For the driving you describe, you do not need either.

I would go with the stoptech. Nothing against ECS but, they do not say how they ensure the proper proportioning.

http://www.stoptech.com/tech_info/tech_white_papers.shtml


----------



## eddiefury (Aug 5, 2007)

gehr said:


> X2


yeah, now thinking of going with solid new pads, lines and a fluid upgrade. any favorites??

for my needs. i really don't need such a HUGE upgrade with the BBK's. :screwy: 
they are damm sexy though! :laugh:

any i'll save some $$ for :grinsanta:


----------



## eddiefury (Aug 5, 2007)

gehr said:


> Hawk HPS pads
> ATE super blue fluid
> Zimmermann or Brembo plain rotors
> 
> :thumbup:  FTW


sweet. that setup sounds goood. how about getting new steel lines? you think that's a justified purchase?


----------



## eddiefury (Aug 5, 2007)

one more thing...about how many miles should rotors last for a non-tracking car?

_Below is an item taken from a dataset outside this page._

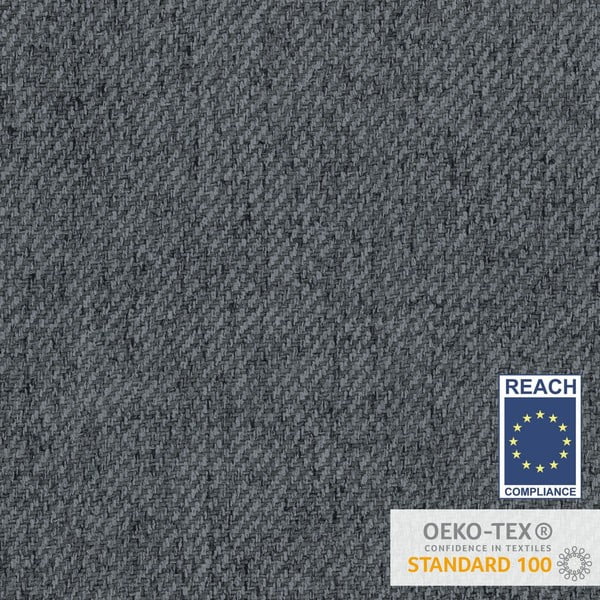 Szare łóżko boxspring ze schowkiem 200x200 cm Imagine – Maison de Rêve-image-1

i'm at 44K and i'm going to replace the pads all around... wonder if i should just do the rotors as well?
or will they last another 20-30K miles??

of course the best way is to have someone (i trust) look at the wear on the rotors, but figured i'd ask here. thanks!


----------



## GTijoejoe (Oct 6, 2001)

eddiefury said:


> one more thing...about how many miles should rotors last for a non-tracking car?
> 
> i'm at 44K and i'm going to replace the pads all around... wonder if i should just do the rotors as well?
> or will they last another 20-30K miles??
> ...


That is a question that no one can answer... rotor life depends on friction compound, metalurgy of the disk, usage, and wear thickness.
Generally ~50k on a disk is normally the end of their life, but that is an extreme general statement.


----------



## asrautox (Sep 9, 2005)

I'm at 56k on the stock A3 brakes and definitely need both new rotors and pads.


----------



## PauloLaux(PC) (Aug 26, 2008)

Eddie, 

I have a MK4 GTI and i run in track with my car and others GTI's. 

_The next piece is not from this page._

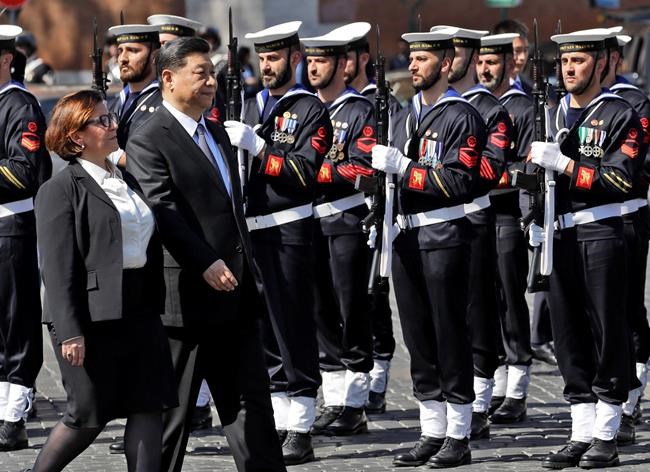 Italy, China deepen ties under wary gaze of US, EU | iNFOnews.ca Italy, China deepen ties under wary gaze of US, EU | iNFOnews.ca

I run with these brake setup until today: 

- ECS Stage 2: http://www.ecstuning.com/Volkswagen-Golf_IV--1.8T/Braking/ECS_Stage_2/ 
- ECS Stage 3: http://www.ecstuning.com/Volkswagen-Golf_IV--1.8T/Braking/ECS_Stage_3/ 
- ECS Stage 5: http://www.ecstuning.com/Volkswagen-Golf_IV--1.8T/Braking/ECS_Stage_5/ 

For your use i recommend the ECS Stage 3... 

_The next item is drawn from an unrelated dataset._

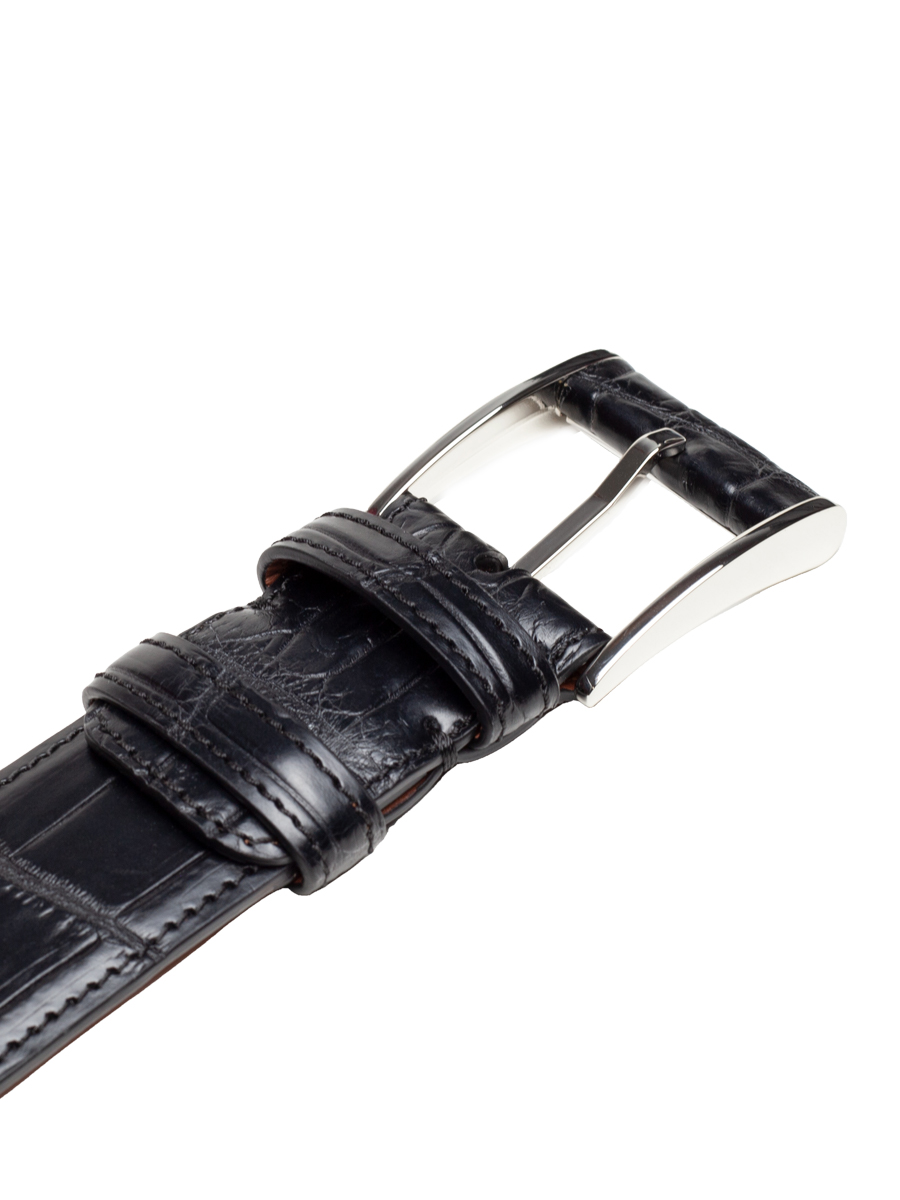 Ремень из кожи крокодила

You don't need 6 pistons and big rotors (358mm is very big). 
And remember: The ECS Stage5 only fits in 18"wheels, not a OEM 17" wheels. 

Today my brake setup is a Wilwood 6 pistons with MK4 R32 rotors (334x32mm) and i use 17" wheels with 3mm spacers. This brakes are very good! 

So, save $ and buy the correct brake kit for your necessity. 

TIP: Stoptech brakes are better them ECS kits... 

Sorry for bad english, but i'm brazilian, ok? :laugh: 

Good lucky!


----------



## eddiefury (Aug 5, 2007)

^ Thanks man for the info!
i might just now go with new Hawk HPS pads all around and Steel Lines...(less hassle AND LOTS CHEAPER!)

do you all think it's worth upgrading to steel lines?? is there any different maintenance/things to look out for with them?? thanks!:beer:


----------



## greyhare (Dec 24, 2003)

At 44k the stock lines are probably fine. There is no harm in replacing them with OEM replacements or DOT approved braided ones.


----------